◆ WHAT NEEDS TO BE DONE ◆
Please return only the lines from the one holding "2016 Mahindra Kuv100" through the one holding "Set de pinceaux", exactly as they appear in the records below, both ends included.

==== EXTRACTED DATA ====

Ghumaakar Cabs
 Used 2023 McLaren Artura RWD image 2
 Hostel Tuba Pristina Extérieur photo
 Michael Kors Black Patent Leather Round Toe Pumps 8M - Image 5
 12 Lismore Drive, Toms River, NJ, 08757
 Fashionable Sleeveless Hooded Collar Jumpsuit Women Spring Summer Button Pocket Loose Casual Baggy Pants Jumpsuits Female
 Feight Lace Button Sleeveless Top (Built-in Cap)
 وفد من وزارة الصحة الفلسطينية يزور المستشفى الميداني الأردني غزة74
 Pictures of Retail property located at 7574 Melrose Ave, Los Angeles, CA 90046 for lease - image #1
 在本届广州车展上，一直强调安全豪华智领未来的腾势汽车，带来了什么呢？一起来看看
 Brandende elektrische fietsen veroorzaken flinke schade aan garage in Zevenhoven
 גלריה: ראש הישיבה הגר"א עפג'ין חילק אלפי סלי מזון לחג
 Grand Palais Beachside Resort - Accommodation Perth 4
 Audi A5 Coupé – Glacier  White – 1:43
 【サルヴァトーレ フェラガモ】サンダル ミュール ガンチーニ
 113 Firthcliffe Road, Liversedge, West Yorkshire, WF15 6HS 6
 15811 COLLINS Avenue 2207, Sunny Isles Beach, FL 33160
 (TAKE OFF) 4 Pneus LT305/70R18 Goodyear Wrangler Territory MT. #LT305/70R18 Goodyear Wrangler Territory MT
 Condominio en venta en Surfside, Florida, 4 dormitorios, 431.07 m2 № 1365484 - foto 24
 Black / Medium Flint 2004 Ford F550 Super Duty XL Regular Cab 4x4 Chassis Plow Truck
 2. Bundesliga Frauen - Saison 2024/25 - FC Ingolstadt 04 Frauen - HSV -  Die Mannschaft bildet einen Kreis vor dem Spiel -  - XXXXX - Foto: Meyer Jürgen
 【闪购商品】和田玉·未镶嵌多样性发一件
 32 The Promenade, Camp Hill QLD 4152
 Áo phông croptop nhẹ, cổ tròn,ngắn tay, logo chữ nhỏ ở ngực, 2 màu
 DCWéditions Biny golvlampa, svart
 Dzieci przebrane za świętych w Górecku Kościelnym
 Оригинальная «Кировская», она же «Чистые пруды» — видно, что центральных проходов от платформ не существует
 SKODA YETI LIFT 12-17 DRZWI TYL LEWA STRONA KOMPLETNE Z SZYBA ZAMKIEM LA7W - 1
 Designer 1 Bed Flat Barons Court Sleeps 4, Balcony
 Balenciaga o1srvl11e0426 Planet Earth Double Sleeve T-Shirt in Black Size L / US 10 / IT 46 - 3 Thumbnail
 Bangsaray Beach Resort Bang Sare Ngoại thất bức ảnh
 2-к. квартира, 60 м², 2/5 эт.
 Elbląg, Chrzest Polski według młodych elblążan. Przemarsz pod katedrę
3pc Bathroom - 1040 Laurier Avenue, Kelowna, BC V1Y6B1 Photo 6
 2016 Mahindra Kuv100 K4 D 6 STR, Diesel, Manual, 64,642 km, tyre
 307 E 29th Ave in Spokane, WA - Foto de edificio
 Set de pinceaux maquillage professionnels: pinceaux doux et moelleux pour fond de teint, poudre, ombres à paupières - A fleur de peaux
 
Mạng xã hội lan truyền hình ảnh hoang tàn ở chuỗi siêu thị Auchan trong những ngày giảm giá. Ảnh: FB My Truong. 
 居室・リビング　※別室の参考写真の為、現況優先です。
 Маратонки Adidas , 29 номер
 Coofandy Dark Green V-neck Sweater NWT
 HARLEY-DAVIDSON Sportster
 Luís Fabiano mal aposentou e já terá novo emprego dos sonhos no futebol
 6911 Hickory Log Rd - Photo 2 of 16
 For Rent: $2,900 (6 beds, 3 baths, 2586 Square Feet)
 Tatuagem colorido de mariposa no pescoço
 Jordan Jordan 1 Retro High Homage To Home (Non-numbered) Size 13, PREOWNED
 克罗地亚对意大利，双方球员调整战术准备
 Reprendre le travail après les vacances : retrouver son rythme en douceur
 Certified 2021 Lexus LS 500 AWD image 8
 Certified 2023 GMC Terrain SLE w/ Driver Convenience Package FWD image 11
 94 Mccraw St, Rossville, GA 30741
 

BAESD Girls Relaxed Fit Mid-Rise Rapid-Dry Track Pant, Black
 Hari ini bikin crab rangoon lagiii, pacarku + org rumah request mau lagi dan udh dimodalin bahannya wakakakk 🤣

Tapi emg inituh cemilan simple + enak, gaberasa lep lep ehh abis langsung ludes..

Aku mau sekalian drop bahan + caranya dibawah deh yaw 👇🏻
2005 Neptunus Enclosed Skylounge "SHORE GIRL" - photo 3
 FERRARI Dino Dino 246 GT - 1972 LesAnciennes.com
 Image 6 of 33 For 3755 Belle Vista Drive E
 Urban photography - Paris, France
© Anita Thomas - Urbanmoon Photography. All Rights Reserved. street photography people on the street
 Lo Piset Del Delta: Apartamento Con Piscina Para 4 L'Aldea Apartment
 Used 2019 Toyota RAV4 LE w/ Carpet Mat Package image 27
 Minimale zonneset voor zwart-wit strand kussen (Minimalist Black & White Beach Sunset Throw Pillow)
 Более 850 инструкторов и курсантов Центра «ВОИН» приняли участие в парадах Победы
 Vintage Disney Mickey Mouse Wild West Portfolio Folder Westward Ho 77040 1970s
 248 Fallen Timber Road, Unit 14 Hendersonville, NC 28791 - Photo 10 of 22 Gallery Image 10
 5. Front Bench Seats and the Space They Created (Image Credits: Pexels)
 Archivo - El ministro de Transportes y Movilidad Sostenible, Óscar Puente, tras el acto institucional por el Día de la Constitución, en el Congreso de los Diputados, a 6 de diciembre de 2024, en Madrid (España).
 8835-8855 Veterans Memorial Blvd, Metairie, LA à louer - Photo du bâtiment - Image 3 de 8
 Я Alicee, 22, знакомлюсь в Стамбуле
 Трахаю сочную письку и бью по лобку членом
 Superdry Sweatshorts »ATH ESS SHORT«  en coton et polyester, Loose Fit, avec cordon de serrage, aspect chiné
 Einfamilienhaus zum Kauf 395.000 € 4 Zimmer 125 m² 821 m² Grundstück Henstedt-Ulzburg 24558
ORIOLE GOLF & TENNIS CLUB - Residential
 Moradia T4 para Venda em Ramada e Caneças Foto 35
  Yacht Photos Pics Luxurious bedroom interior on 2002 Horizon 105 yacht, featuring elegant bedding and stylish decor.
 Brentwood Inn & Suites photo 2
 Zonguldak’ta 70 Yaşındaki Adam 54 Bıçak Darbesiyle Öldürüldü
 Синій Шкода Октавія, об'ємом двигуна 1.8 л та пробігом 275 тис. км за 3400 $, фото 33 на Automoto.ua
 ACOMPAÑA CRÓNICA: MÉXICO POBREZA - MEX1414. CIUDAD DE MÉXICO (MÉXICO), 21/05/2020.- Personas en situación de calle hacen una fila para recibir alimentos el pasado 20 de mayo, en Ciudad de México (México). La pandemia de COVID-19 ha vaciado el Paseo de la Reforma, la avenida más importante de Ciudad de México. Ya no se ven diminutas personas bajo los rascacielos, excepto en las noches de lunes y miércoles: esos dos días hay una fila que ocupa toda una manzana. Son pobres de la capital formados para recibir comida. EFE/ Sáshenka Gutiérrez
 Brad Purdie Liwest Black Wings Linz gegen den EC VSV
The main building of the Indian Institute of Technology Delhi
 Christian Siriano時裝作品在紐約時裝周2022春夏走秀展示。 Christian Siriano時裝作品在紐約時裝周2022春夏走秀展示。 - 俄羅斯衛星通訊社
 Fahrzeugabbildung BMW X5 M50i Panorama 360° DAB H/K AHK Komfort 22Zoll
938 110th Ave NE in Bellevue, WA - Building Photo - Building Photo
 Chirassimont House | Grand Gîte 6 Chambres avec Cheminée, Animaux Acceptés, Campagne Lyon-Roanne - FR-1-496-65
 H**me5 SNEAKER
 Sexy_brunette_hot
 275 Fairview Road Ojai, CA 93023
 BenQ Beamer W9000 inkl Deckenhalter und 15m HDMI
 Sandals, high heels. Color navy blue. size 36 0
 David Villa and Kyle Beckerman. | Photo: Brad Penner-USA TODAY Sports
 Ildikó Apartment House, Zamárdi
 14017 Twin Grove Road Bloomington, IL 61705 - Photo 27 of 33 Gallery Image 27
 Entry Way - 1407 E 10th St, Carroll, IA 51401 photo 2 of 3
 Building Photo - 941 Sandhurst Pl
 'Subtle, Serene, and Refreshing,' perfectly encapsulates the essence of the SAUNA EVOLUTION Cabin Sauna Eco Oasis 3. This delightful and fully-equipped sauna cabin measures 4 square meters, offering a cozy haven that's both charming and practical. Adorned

====

◆ ANSWER FOR THE TASK ◆
 2016 Mahindra Kuv100 K4 D 6 STR, Diesel, Manual, 64,642 km, tyre
 307 E 29th Ave in Spokane, WA - Foto de edificio
 Set de pinceaux maquillage professionnels: pinceaux doux et moelleux pour fond de teint, poudre, ombres à paupières - A fleur de peaux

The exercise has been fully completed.